[Opening Recorded data section]
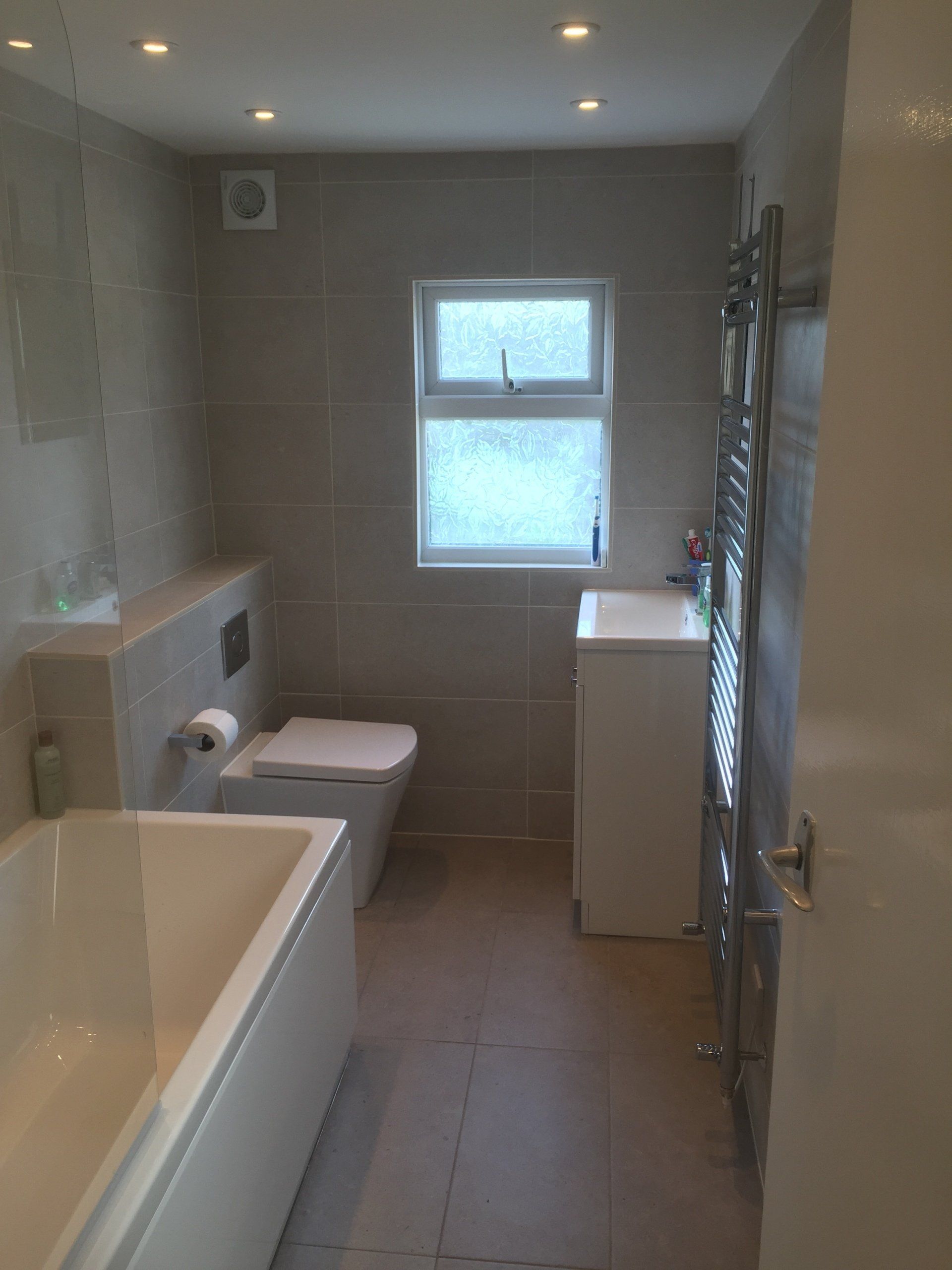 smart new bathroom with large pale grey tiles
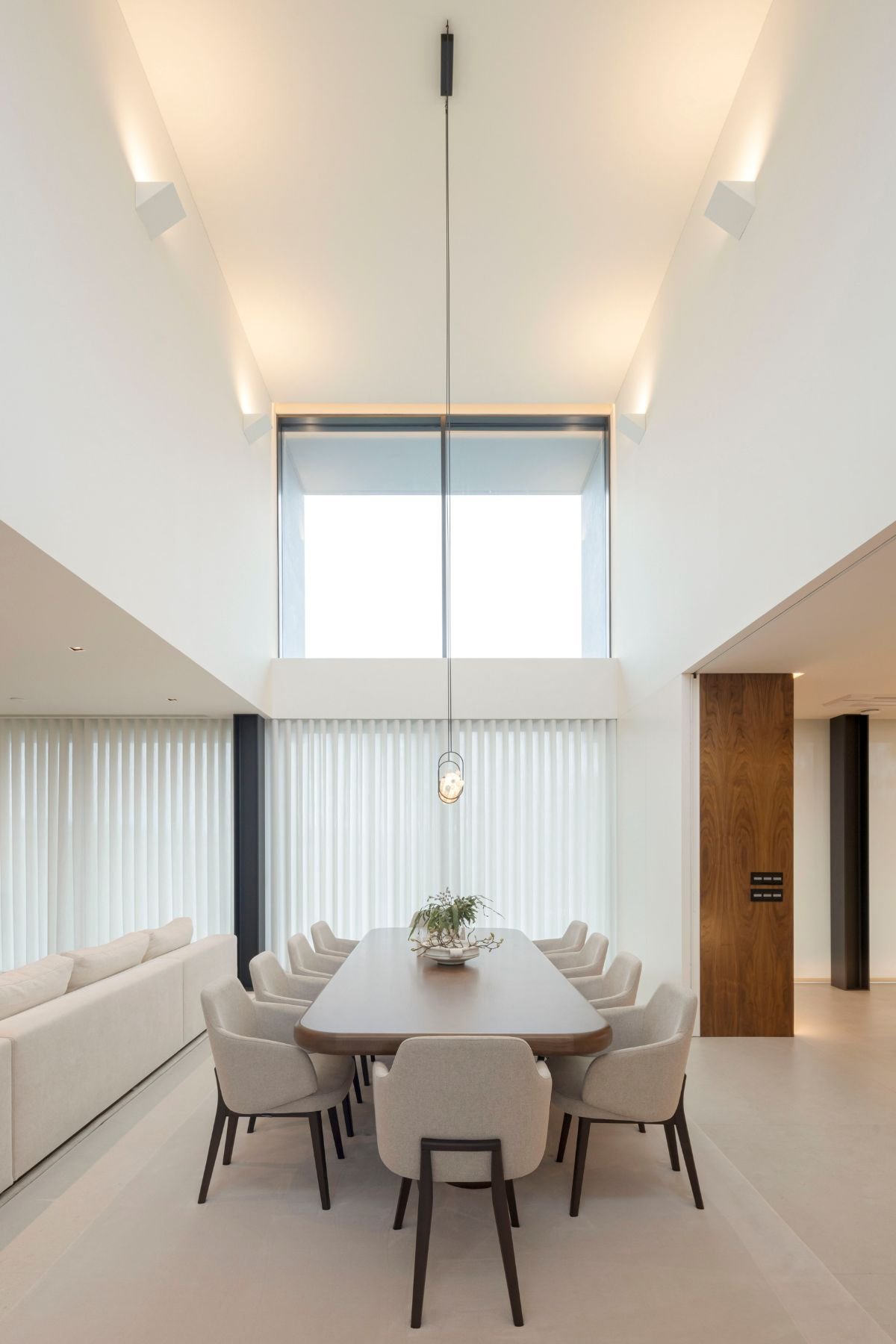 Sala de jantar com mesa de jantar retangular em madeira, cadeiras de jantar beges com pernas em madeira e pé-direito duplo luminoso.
[Closing Recorded data section]
[Opening Recorded data section]
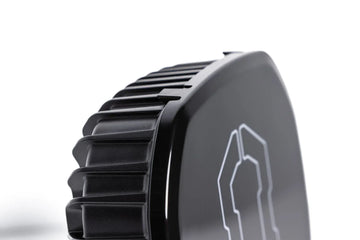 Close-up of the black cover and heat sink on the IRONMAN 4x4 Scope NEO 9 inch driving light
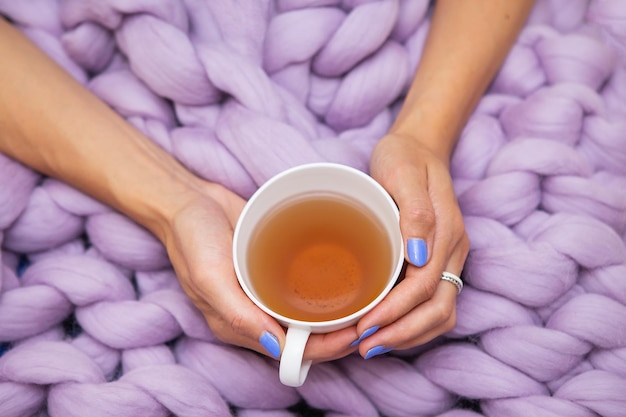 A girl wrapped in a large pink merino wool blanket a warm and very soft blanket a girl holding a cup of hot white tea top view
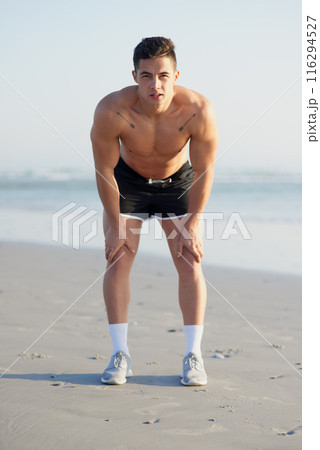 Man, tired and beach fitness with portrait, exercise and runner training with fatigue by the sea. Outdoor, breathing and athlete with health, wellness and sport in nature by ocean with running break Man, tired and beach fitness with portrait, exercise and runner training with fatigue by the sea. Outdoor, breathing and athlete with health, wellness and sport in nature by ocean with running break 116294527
[Closing Recorded data section]
Of all the material above, only the lines from the one that has "Close-up of the" down to the one that has "A girl wrapped" are to be written out, exactly and with both ends included. Pictures are skipped.

 Close-up of the black cover and heat sink on the IRONMAN 4x4 Scope NEO 9 inch driving light
 A girl wrapped in a large pink merino wool blanket a warm and very soft blanket a girl holding a cup of hot white tea top view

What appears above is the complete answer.